Assim é, desta pontinha na Europa ao Brasil, de Cabo Verde a São Tomé, Angola e Moçambique, e também Timor. Podemos espetar ainda outro em Macau, onde o português, apesar de ser usado por uma minoria, partilha com o mandarim o estatuto de língua oficial.
Se isto não é mercado, onde é que está o mercado? Porque será que, em poucos anos, a língua portuguesa já é ensinada em quase duas dezenas de universidades chinesas? A resposta é de previsão estatística e vem-nos da UNESCO: até 2050, haverá entre 340 e 400 milhões de falantes lusófonos. E aqui, o sábio olho chinês para o mercado revela visão rasgada sobre o Mundo e o incerto futuro.
É que a língua portuguesa, tradicionalmente de cultura e diplomacia, pode e deve voltar a assumir a condição de língua global de comércio, como o foi no período da primeira globalização, com os Descobrimentos. A miragem imperial dissolveu-se há muito.
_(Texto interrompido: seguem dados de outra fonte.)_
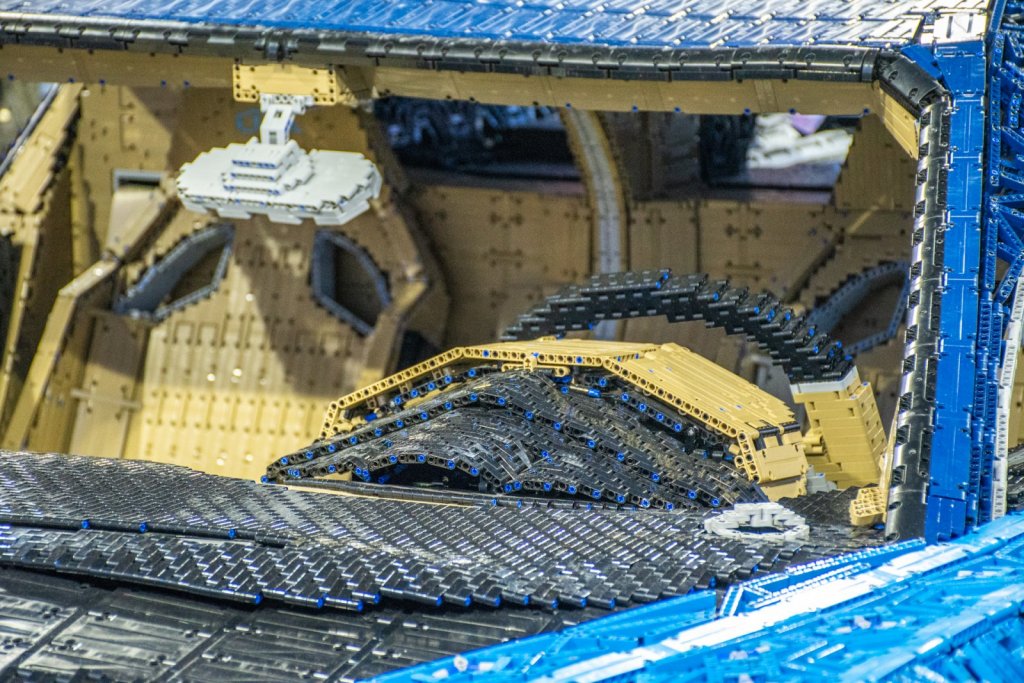 15_Bugatti_Chiron_Lego.jpg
Mas o português já é a quarta língua mais utilizada na internet, a terceira mais utilizada no Facebook e no Twitter, e o poder económico do mundo lusófono, em crescimento, já representa 4% da riqueza mundial.
Não se percebe, a esta luz, que passados 20 anos, assinalados em breve, sobre a criação da CPLP não haja uma verdadeira aposta recíproca em transformar a geografia lusófona num verdadeiro mercado comum, facilitador de transações e de livre circulação, pondo termo a esse negócio hipócrita e corrupto que se esconde por detrás da teia burocrática e da concessão de vistos para viagens ou comércio.
Numa comunidade de estados soberanos vigora o princípio da reciprocidade. Pelo que o ónus destes atavismos é de cada um e de todos os sócios, a começar por nós. Nas vésperas de um 10 de junho que o presidente Marcelo leva pela primeira vez para fora de Portugal, para homenagear a nossa diáspora, e a poucos dias do 20.º aniversário da CPLP, é dever dos nossos políticos valorizar a língua como ativo verdadeiramente estratégico, com futuro.
Que importa se é fado ou mandó, morna ou marrabenta? Pode até ser samba, cantado por Caetano: não deixemos "estes portugais morrerem à míngua, minha pátria é minha língua" (...) eu gosto de sentir a minha língua roçar a língua de Camões". O outro, claro.